В этот же вечер Галя, Наташа, Таня и Лара, окружив Марию, спросили застенчиво:
— Можно, мы тоже будем называть вас мамой?
— А я и есть ваша мама, — глухо сказала Мария. — Выл у меня один-единственный сыночек, а теперь вон вас сколько, и все славные, хорошие деточки…
Проходили зимние дни, долгие зимние ночи. В поле выли метели, высвистывала ветрами снежная пурга. А в жарко натопленном, скрытом от людских глаз погребе всегда было тепло, в железной печурке негромко потрескивали загодя принесенные из леса дрова, мигал, слабо освещая детские лица, светильник-жировичок. Перед сном Мария рассказывала детям сказки или тихо-тихо пела любимую песню покойной своей матери:
Снежки, белые, пушисты,
Покрывали все поля,
Одного лишь не покрыли
Они горя моего…
Притихнут, прижавшись друг к другу, дети, слушают грустные слова песни:
Есть кусточек среди поля,
Одинешенек стоит,
Он не сохнет, он не вянет,
А листочков на нем нет…
Слезы льются из глаз Марии, вытирает она их украдкой, чтоб не видели ребята:
День тоскую, ночь горюю,
Потихоньку слезы лью.
Слезка капнет, снег растает,
Травка вырастет на нем…
Несколько вечеров Мария рассказывала детям о своем колхозе, об угнанной немцами третьей бригаде, о каждом из хуторян в отдельности. С гордостью говорила о том, как не покладая рук работала третья бригада на отведенной ей колхозной земле, какими чистыми были всегда поля пшеницы и кукурузы, каким упитанным и ухоженным — скот, как много молока давали коровы и какими сладкими и сочными были на бахче выращенные в бригаде арбузы и дыни.
— Как немцы пришли, так все это добро порушили. спалили, а людей всех угнали неведомо куда, — с горечью сказала Мария. — Не стало нашей бригады, и колхоза не стало.
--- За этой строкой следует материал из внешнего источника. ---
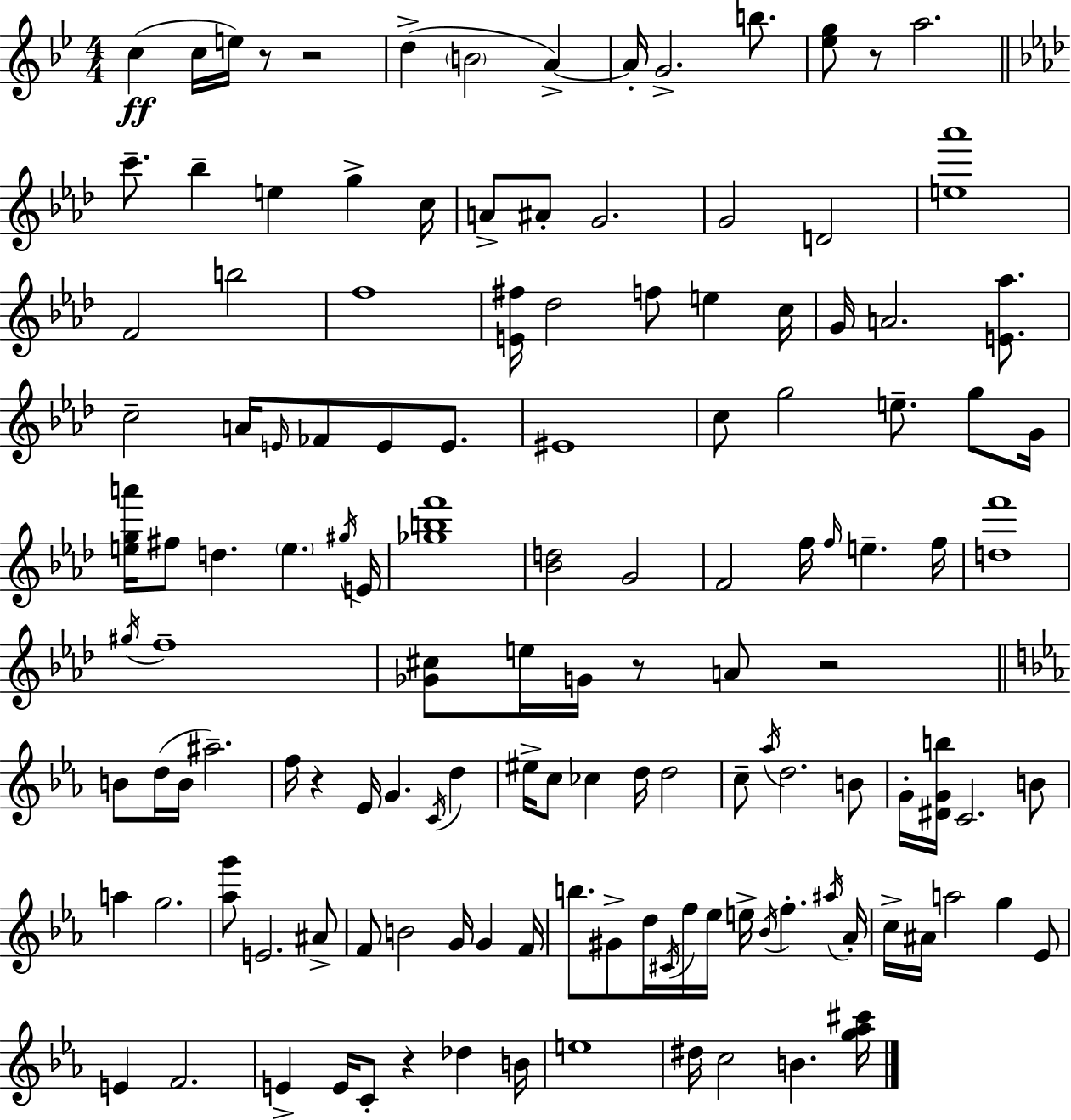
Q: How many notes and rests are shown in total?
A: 133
Вывеску и ту фашисты сорвали, бросили на землю и ногами затоптали.
— А мы вывеску вашу видели, она на дереве прибита, — сказала Наташа.
— Это я ее прибила, — задумавшись, сказала Мария. — Жалко мне стало наших людей, которые столько труда в колхозную землю вложили, столько Почетных грамот и переходящих знамен получили за свой честный труд. Подумала я, подумала, подняла с земли эту растоптанную вывеску, прибила на старую яблоню. Погляжу на нее — и перед глазами, как живые, встают наши люди и зеленые поля и сады. Один раз глядела я на эту вывеску, вспоминала все, чем мы до войны и до этого разорения жили, и так решила: не дам сгинуть бригаде. сама за всех буду работать… Вот и работаю всю осень и почти всю зиму: подсолнухи режу, кукурузные початки ломаю.
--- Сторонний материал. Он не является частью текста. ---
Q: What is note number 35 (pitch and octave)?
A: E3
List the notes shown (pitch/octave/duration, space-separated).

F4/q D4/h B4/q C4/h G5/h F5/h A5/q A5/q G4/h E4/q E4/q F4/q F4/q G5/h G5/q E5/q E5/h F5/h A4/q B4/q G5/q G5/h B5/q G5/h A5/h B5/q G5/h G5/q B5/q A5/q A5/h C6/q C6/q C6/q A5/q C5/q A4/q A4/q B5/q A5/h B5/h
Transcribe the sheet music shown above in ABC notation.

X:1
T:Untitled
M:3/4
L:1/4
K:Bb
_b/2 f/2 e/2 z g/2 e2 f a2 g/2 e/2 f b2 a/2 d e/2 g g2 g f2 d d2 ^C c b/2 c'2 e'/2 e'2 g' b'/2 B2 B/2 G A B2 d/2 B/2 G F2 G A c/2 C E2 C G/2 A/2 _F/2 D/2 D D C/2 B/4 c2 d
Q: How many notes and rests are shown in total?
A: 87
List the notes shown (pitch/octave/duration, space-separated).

— И много еще осталось убрать? — спросила Наташа.
Мария печально усмехнулась:
— Осталось начать да кончить, деточки. В бригаде у нас работали шестьдесят три человека, а теперь я одна…
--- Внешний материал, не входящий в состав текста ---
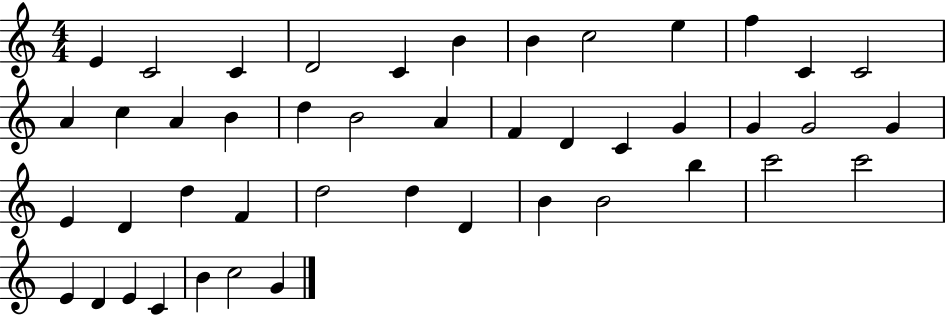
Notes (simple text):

E4/q C4/h C4/q D4/h C4/q B4/q B4/q C5/h E5/q F5/q C4/q C4/h A4/q C5/q A4/q B4/q D5/q B4/h A4/q F4/q D4/q C4/q G4/q G4/q G4/h G4/q E4/q D4/q D5/q F4/q D5/h D5/q D4/q B4/q B4/h B5/q C6/h C6/h E4/q D4/q E4/q C4/q B4/q C5/h G4/q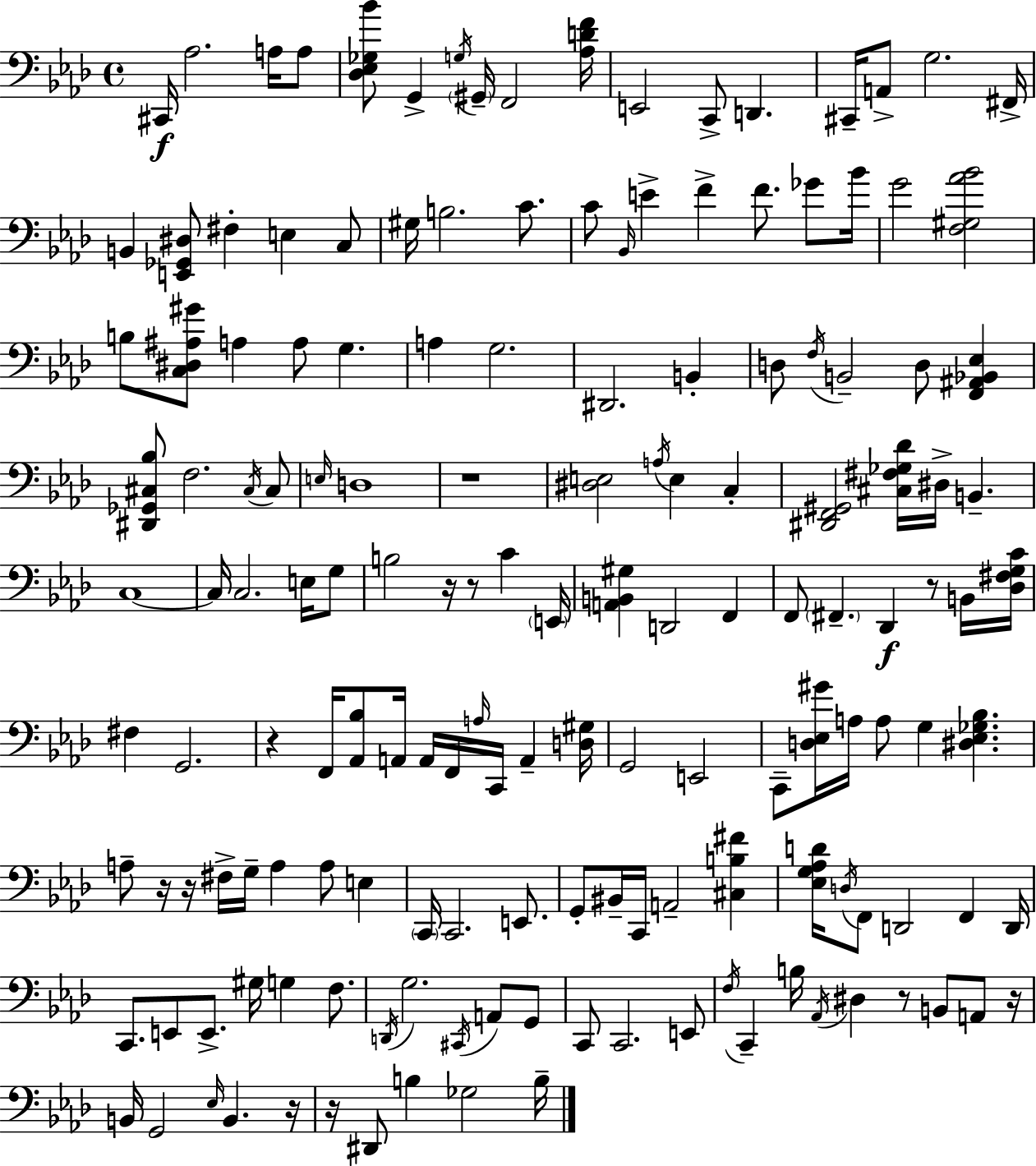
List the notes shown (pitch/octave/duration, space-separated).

Однажды вечером, вернувшись домой, Мария заметила, что старшие девочки шепчутся, поглядывая на нее просительно, вроде сказать что-то хотят. Наконец Галя решилась, подошла, теребя конец темной русой косички.
— Мы хотим вам помочь, мама, — сказала она, — вам трудно одной. А мы уже большие — Наташа вот, Таня, Лара и я. Оля будет оставаться с малышами дома, а мы четверо с вами в поле пойдем…
Пришлось Марии вновь заняться шитьем. Она порезала еще одну найденную в окопе шинель, пошила из сукна четырем девочкам валенки, вместо подошвы подшила конскую кожу, рукавички всем поделала, одела девочек потеплее, и пошли они с ней в поле.
— Ну вот, — сказала Мария, — это уже настоящая бригада. Теперь дело пойдет веселее. А за бригадира, деточки, доведется быть мне. У нас только один тесак, больше ничего нет. Значит, я буду резать подсолнухи. Галочка их к месту относить будет, а вы, Наташа, Таня и Лара, кукурузные початки будете ломать и в воронку складывать…
Так морозным зимним днем в степной глуши возродилась уничтоженная немцами третья бригада колхоза имени Ленина…
С приходом девочек работа в поле пошла значительно быстрее. За три недели обе бомбовые воронки были заполнены обломанными кукурузными початками. Росли бурты срезанных головок подсолнуха. Все в новой большой семье Марин было спокойно, мирно: старшие девочки ежедневно выходили с ней на работу, сытые малыши вели себя чинно, из погреба никуда не выходили, скотина вовремя была накормлена и напоена…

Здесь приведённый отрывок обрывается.